Records from a dataset
=== Section Start ===

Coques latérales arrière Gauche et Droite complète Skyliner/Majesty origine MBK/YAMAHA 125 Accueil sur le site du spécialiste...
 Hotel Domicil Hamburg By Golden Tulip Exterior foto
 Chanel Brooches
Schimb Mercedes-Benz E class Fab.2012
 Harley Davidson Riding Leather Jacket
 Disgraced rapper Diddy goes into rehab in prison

=== Section End ===

Every entry in the data should be returned exactly.

RESULT:
Coques latérales arrière Gauche et Droite complète Skyliner/Majesty origine MBK/YAMAHA 125 Accueil sur le site du spécialiste...
 Hotel Domicil Hamburg By Golden Tulip Exterior foto
 Chanel Brooches
Schimb Mercedes-Benz E class Fab.2012
 Harley Davidson Riding Leather Jacket
 Disgraced rapper Diddy goes into rehab in prison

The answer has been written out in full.